• What is needed
Please transcribe only the lines that run from the line bearing "Bently Nevada 1900/65A" to the end of the entries, keeping both end lines. Skip the pictures.

[Image-caption web data]
○ ○ ○ ○

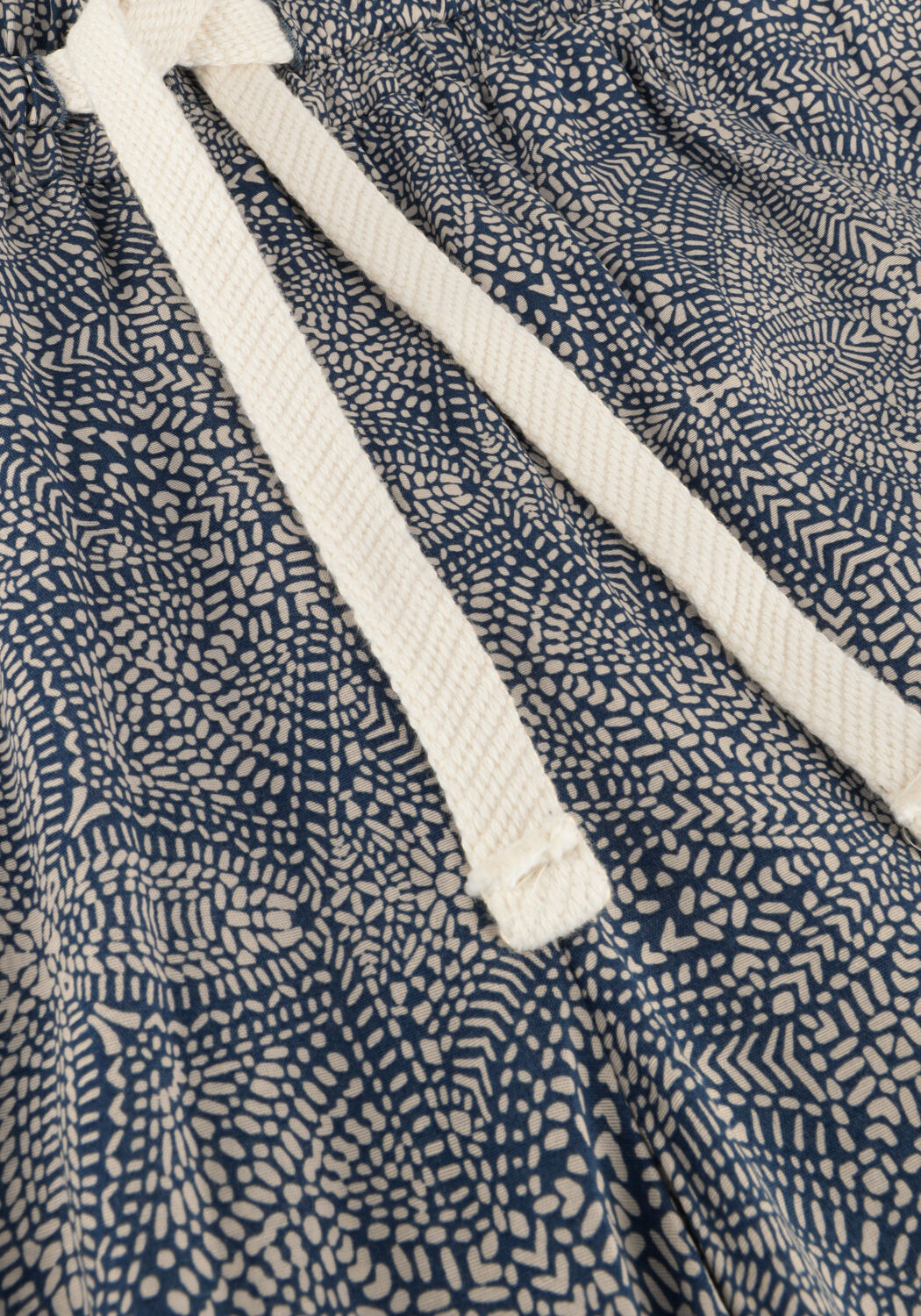 Blauwe MOSCOW Pantalon 127-02-PERCY - large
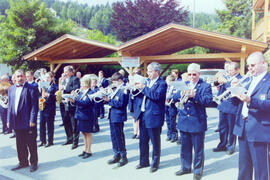 200 Jahre Musikkapelle Flaurling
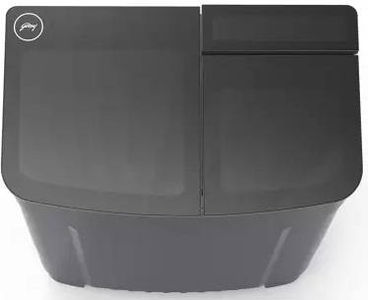 Godrej 8 Kg Semi Automatic Top Load Washing Machine (WSEDGE ULTS 80 5.0 DB2M CSGR)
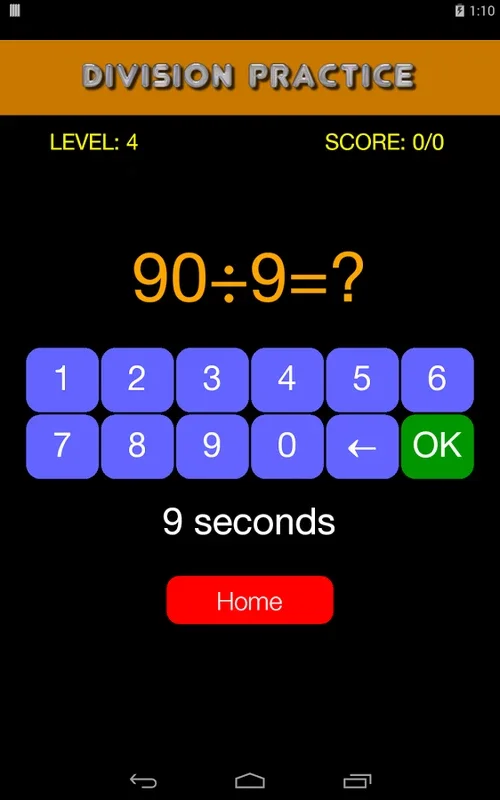 QS Math for Android - Boost Math Skills in Kids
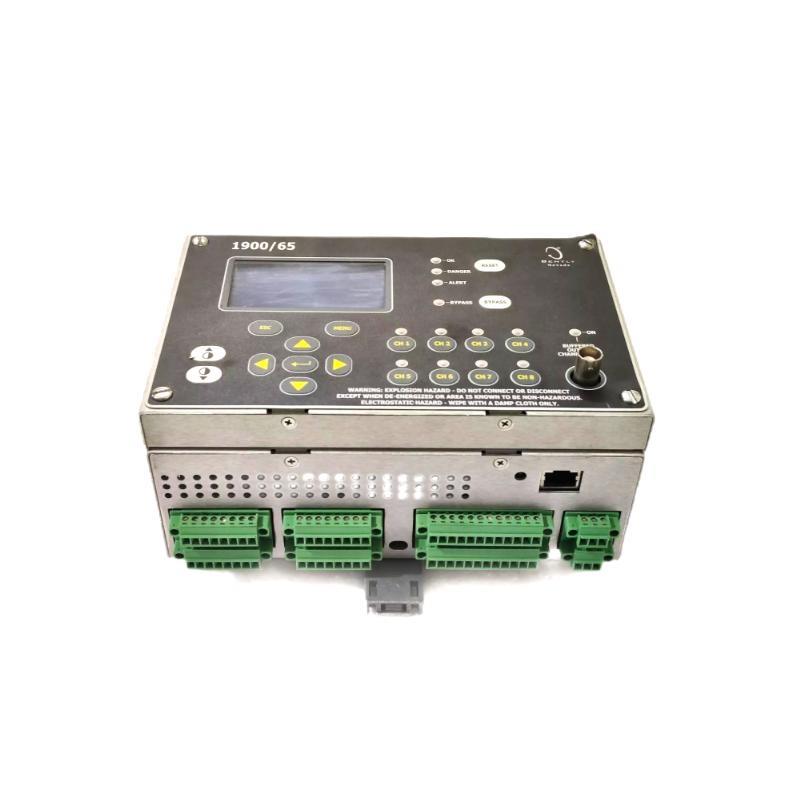 Bently Nevada 1900/65A 172323-01 General Purpose Equipment Monitor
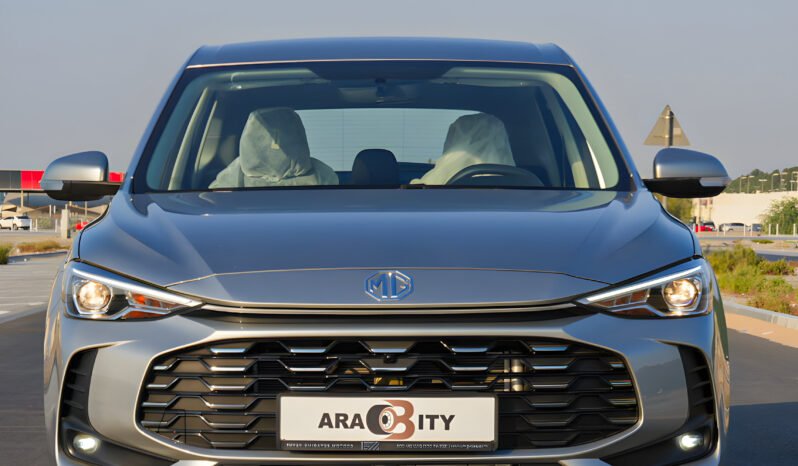 
								MG ZS ST – 2026 full									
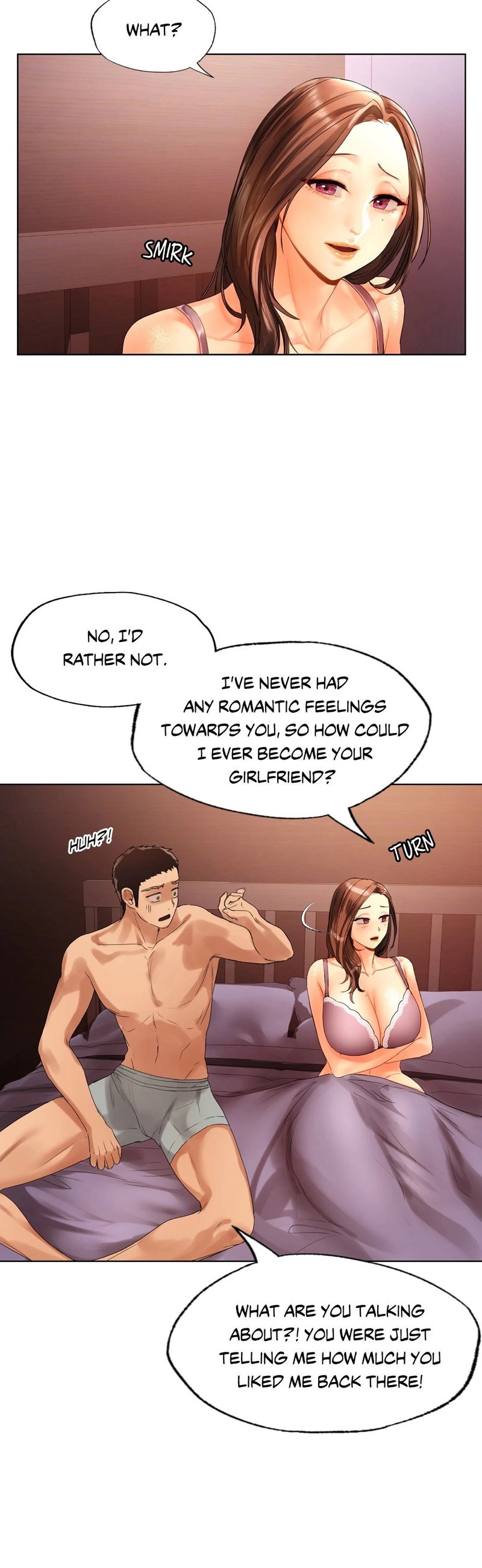 Welcome to the Big City chapter 21 page 32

○ ○ ○ ○

• Response to the task
 Bently Nevada 1900/65A 172323-01 General Purpose Equipment Monitor
								MG ZS ST – 2026 full									
 Welcome to the Big City chapter 21 page 32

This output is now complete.